Provided material START

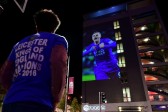 En las calles imágenes de los jugadores acompañaban el festejo. FOTO AFP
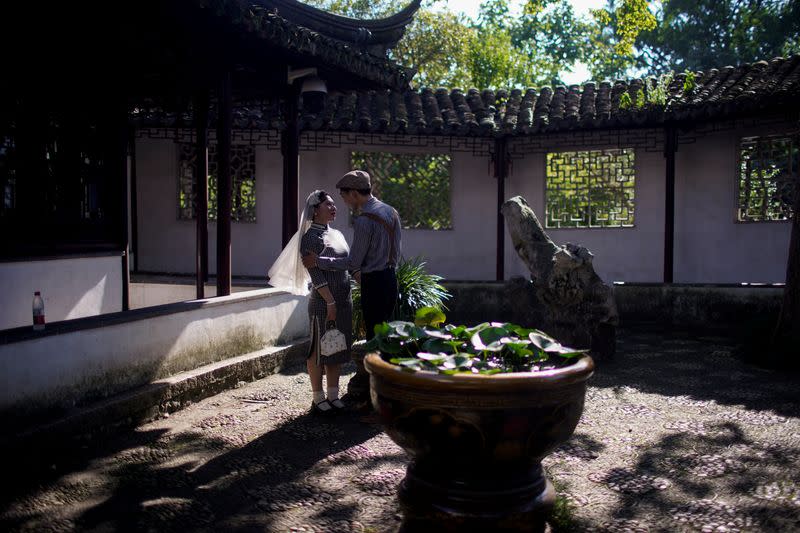 The Wider Image: Coronavirus dampens celebrations in China's wedding gown city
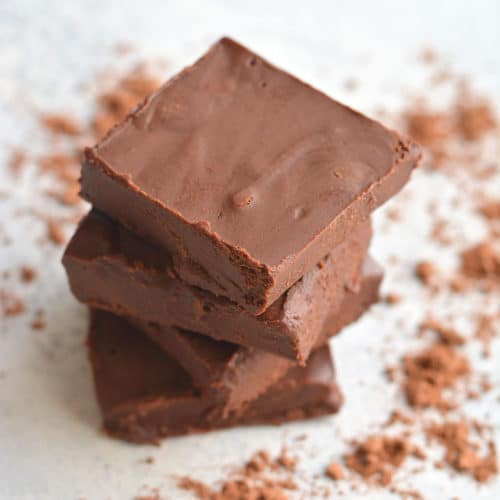 Collagen Fudge Brownies made with 6 healthy ingredients. Loaded with protein, healthy fat and antioxidants, these super fudgy brownies are a healthier treat that's great for weight loss. They make a delicious low carb addition to your freezer and belly! Paleo + Low Carb + Gluten Free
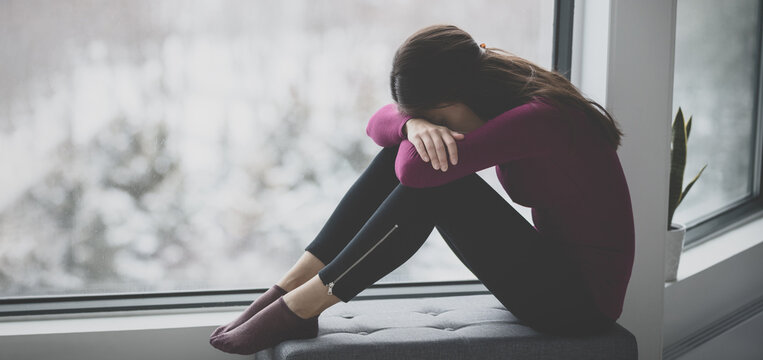Sad crying young woman hiding face in sadness alone at home in isolation. Mental health problem social anxiety panic attack ptsd effects from the coronavirus pandemic.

Provided material END

### Task to complete
Copy out, unchanged, the span of lines beginning with the one that includes "Collagen Fudge Brownies" and running through the final line of the material above. Leave the pictures out.

### Solution for this task
 Collagen Fudge Brownies made with 6 healthy ingredients. Loaded with protein, healthy fat and antioxidants, these super fudgy brownies are a healthier treat that's great for weight loss. They make a delicious low carb addition to your freezer and belly! Paleo + Low Carb + Gluten Free
Sad crying young woman hiding face in sadness alone at home in isolation. Mental health problem social anxiety panic attack ptsd effects from the coronavirus pandemic.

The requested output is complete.